Wisconsin Statutes § 343.305(8)(c) does indeed provide that the review shall be heard at the time of the trial. The “review” described in subsection (8)(c), however, pertains to a judicial hearing held for the purposes of determining whether to rescind or sustain the administrative suspension. A "stay," on the other hand, is a separate determination, made available to the court by subsection (8)(c)2, pending or in advance of the court's decision to rescind or sustain the administrative suspension. Subsection (8)(c)2 provides, in relevant part:

The department shall vacate the administrative suspension under sub. (7) unless, within 60 days of the date of the request for judicial review of the administrative hearing decision, the department has been notified of the result of the judicial review or of an order of the court entering a stay of the hearing examiner’s order continuing the suspension.
In other words, section 343.305(8)(c)2 acknowledges two separate mechanisms by which the court may change the status of the administrative suspension: a judicial review hearing, or a discretionary stay of the suspension.

Because the legal issues yet to be adjudicated in the underlying OWI (operating while intoxicated) charge may determine whether the suspension will be enforceable in the first place, your lawyer may be able to persuade a judge to sign a legal motion and order "staying" or temporarily preventing the DOT from administratively suspending your license until such time as a final determination may be made by the court at a judicial review hearing.

This information is not meant to serve as legal advice. You should consult with a qualified attorney before making any decisions about your case and never rely solely on information found on the Internet.

Monday, April 7, 2014

Guilty or No Contest?

Why Knowing the Difference Can Make All the Difference.



The two most common pleas a person can enter before sentencing are the guilty plea, and the no contest plea. Both pleas can seem very similar, since both result in a conviction. However, in situations where there is a victim who is injured (and who may later sue for damages), it is important to understand the distinction.

Guilty? No Contest? What’s the difference?

In a nutshell, the basic difference under Wisconsin Statute Section 971.06 is this:

  1. Guilty plea: the defendant admits that he or she committed the acts alleged by the prosecution.  Guilty pleas are the most common type of plea in Wisconsin.
  2. No Contest plea: the defendant does not admit to the facts alleged by the prosecutor.  However, he or she also does not dispute that the jury could find him or her guilty  - if the case went to trial.

Put another way, when you enter a plea of guilty, you are admitting that you did the crime. When you enter a plea of no contest, you are essentially admitting that a jury could find you guilty based on the evidence the State has against you, but you are not going that one extra step and admitting that you actually did it.  So why doesn’t everybody plead no contest then? Simply put, not all judges accept no contest pleas. Why?

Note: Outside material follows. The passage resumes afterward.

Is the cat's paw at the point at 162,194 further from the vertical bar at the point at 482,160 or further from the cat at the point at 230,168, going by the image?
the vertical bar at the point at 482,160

Because they feel going that extra step is necessary to show that you truly acceptance responsibility for your actions.

What does this mean for you?

The significance of this distinction is that anyone who files a civil lawsuit against you for the same conduct as that in the criminal case, cannot use the conviction in your criminal case as evidence of guilt in the lawsuit.

If the crime to which you are pleading involves a victim with injuries or damaged/stolen property, it is better to enter a no contest plea to prevent your conviction from being used as ammunition against you if you get sued.

The bottom line.

Remember, both the guilty plea and the no contest plea will result in a conviction.  But a no contest plea is the better plea to enter in situations where a victim could later sue for damages in a separate civil suit.

This information is not meant to serve as legal advice. You should consult with a qualified attorney before making any decisions about your case and never rely solely on information found on the Internet.